EXERCISE INPUTS section start

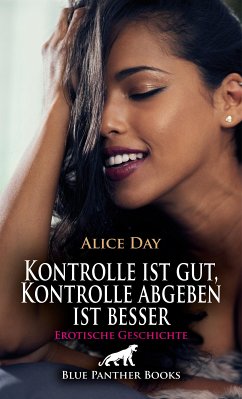 Kontrolle ist gut, Kontrolle abgeben ist besser   Erotische Geschichte (eBook, PDF) - Day, Alice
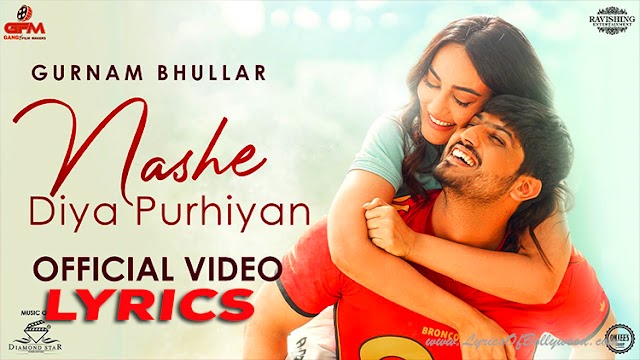 Nashe Diya Purhiyan Song Lyrics | Gurnam Bhullar | Surbhi Jyoti | Daddy Beats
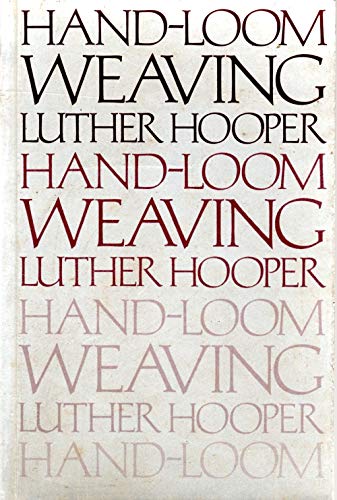 Beispielbild fr Hand-Loom Weaving, Plain and Ornamental.; Line drawings by the Author & Noel Rooke: Also several illustrations from ancient and modern textiles zum Verkauf von J. HOOD, BOOKSELLERS,    ABAA/ILAB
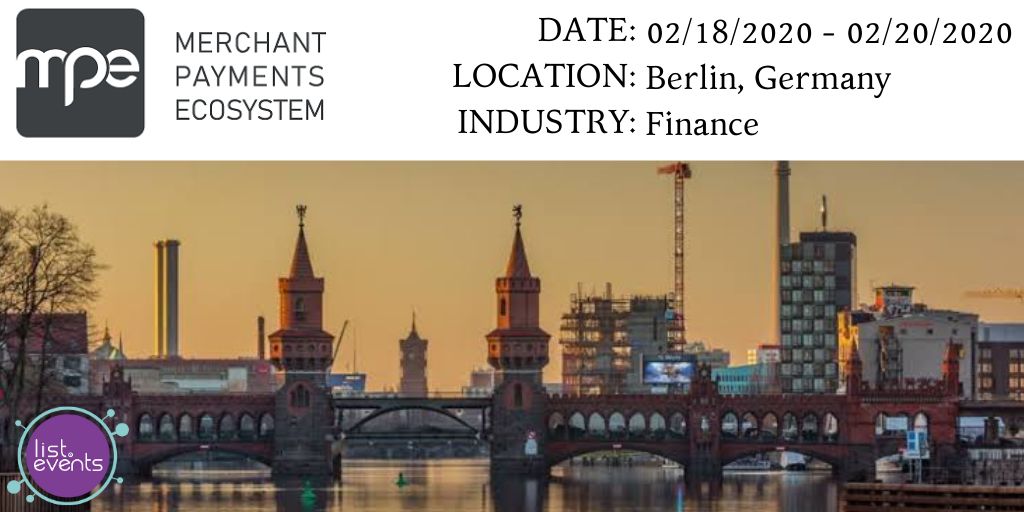 listevents1's tweet photo. Head over to #Berlin for the Merchant Payment Ecosystem conference from February 18 - February 20. More info here - https://t.co/KfN3jIpOMb

#ListEvents #event #global #conference #fintech #finance #technology #online #payment #merchant #ecosystem #germany https://t.co/FEZz9nFPfN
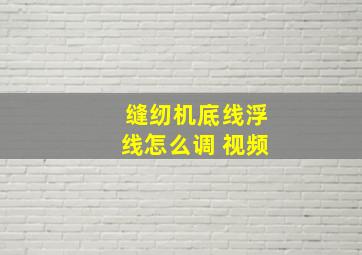 缝纫机底线浮线怎么调 视频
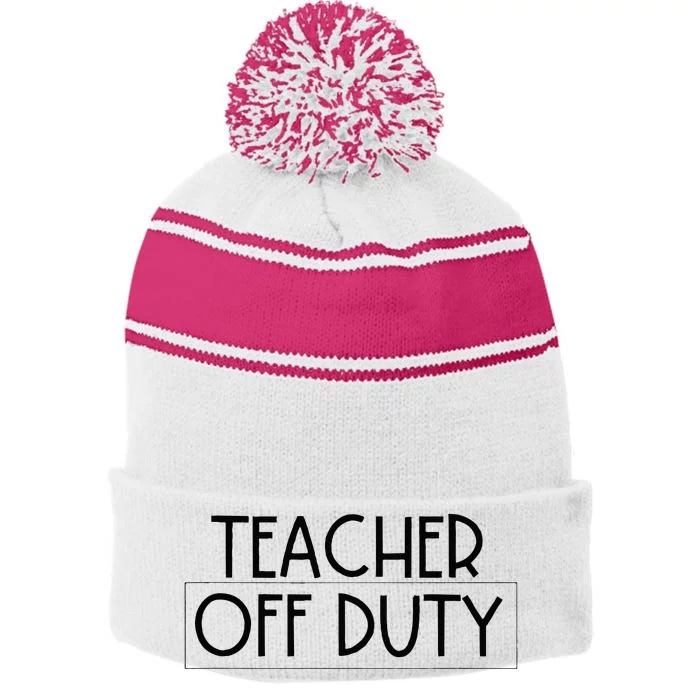 Teacher Off Duty Stripe Pom Pom Beanie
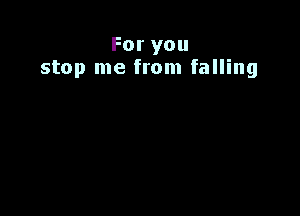 Foryou
stop me from falling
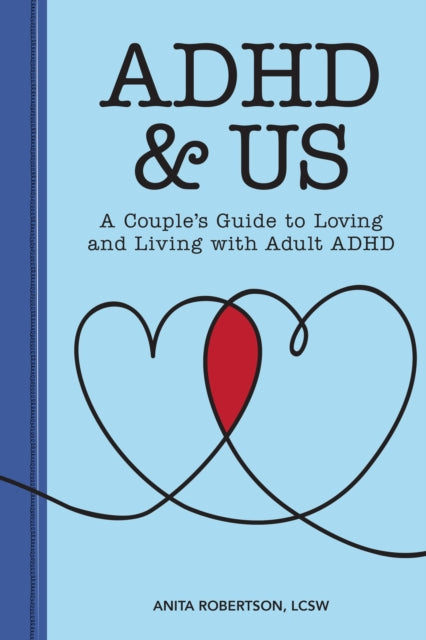 ADHD & Us, A Couple's Guide to Loving and Living With Adult ADHD 9781647397050 Anita Robertson LCSW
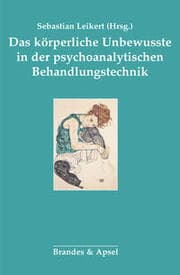 Cover von Das körperliche Unbewusste in der psychoanalytischen Behandlungstechnik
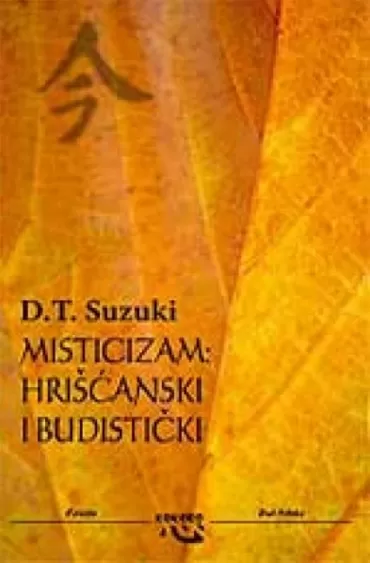 misticizam hrišćanski i budistički dajsec teitaro suzuki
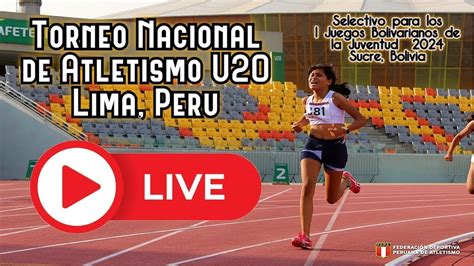 Resumen Jornada 01 Torneo Nacional De Atletismo U20 2024 La Videna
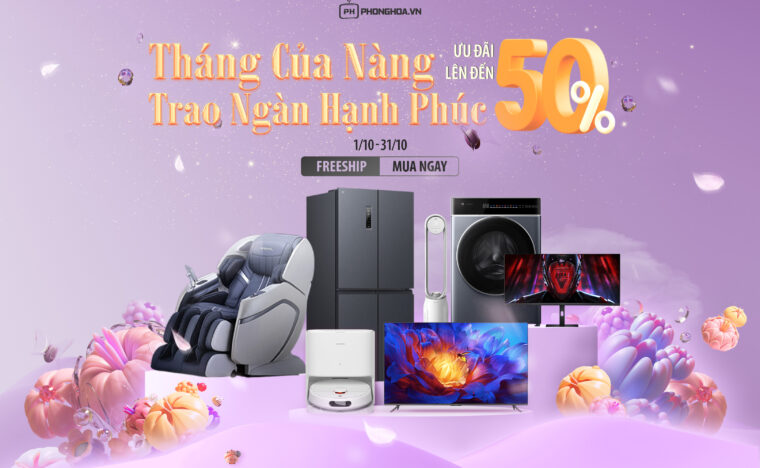 BIG SALE 20/10: THÁNG CỦA NÀNG - TRAO NGÀN HẠNH PHÚC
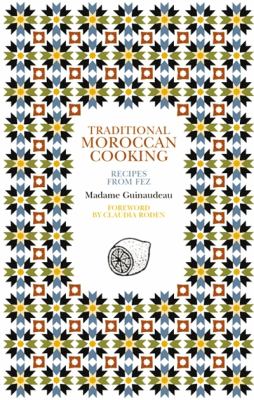 Traditional Moroccan Cooking: Recipes from Fez  2004 9781897959435 Front Cover
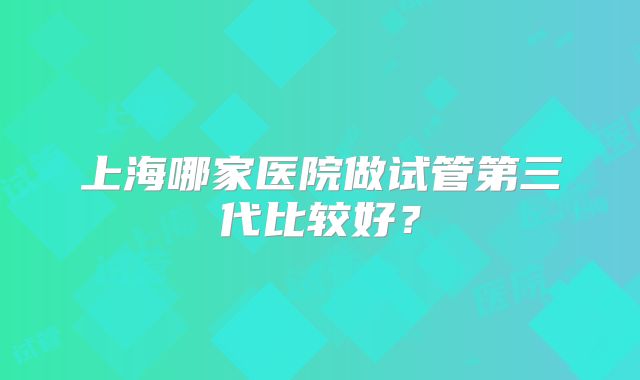 上海哪家医院做试管第三代比较好？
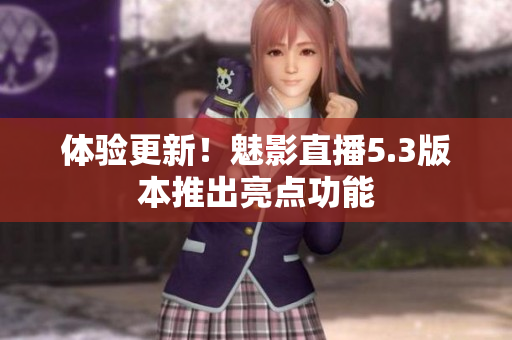 体验更新！魅影直播5.3版本推出亮点功能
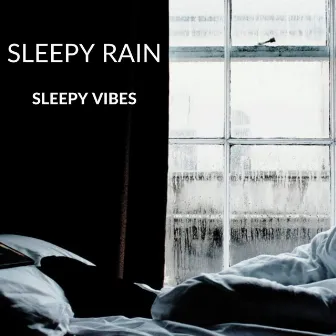 Sleepy Rain by Sleepy Vibes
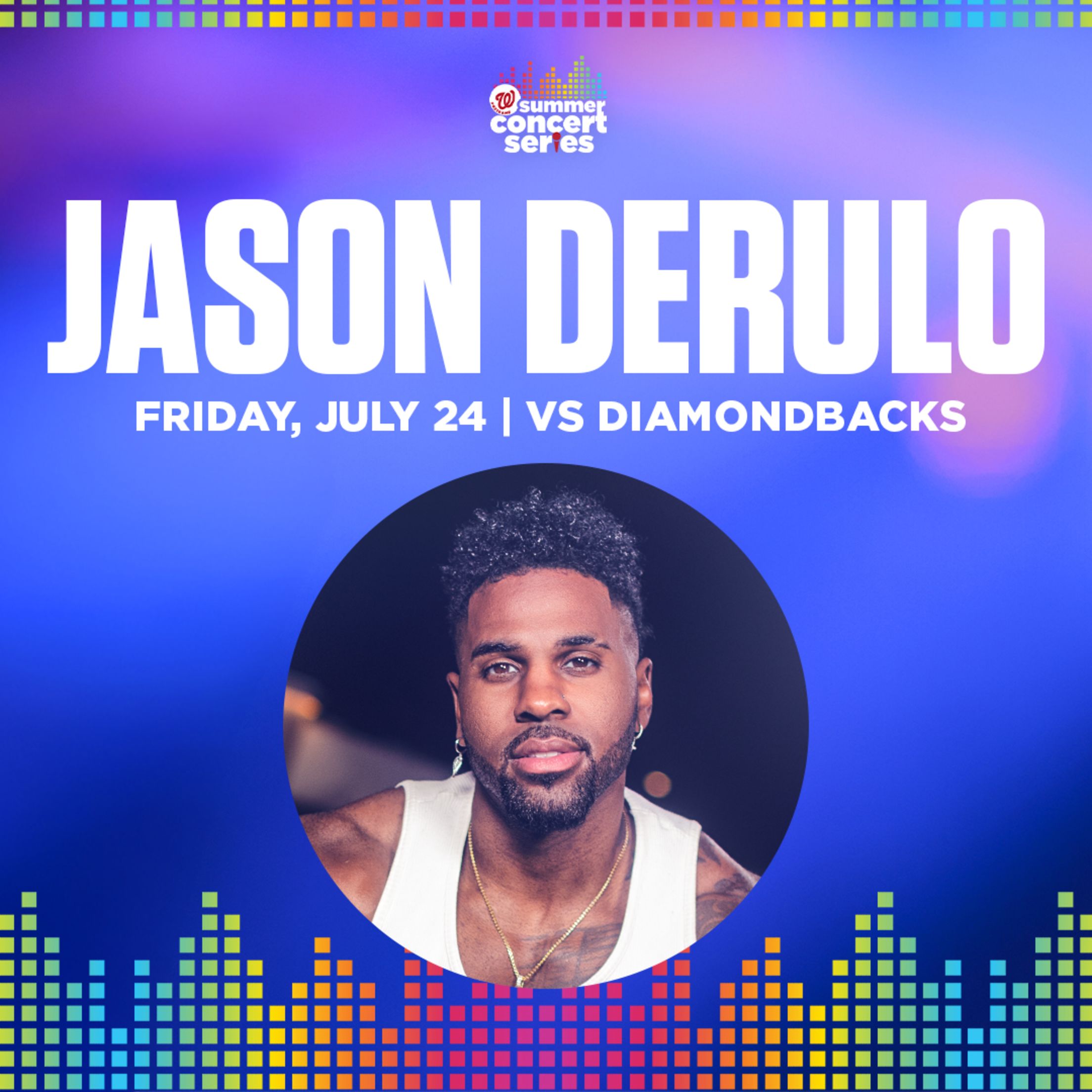 Jason Derulo - Friday, July 24 vs Diamondbacks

EXERCISE INPUTS section end

WORK TO COMPLETE
With the pictures left out, give again exactly the lines from the one with "Traditional Moroccan Cooking: Recipes" through the end of the data, both included.

OUTPUT FOR THIS EXERCISE
 Traditional Moroccan Cooking: Recipes from Fez  2004 9781897959435 Front Cover
 上海哪家医院做试管第三代比较好？
 体验更新！魅影直播5.3版本推出亮点功能
 Sleepy Rain by Sleepy Vibes
 Jason Derulo - Friday, July 24 vs Diamondbacks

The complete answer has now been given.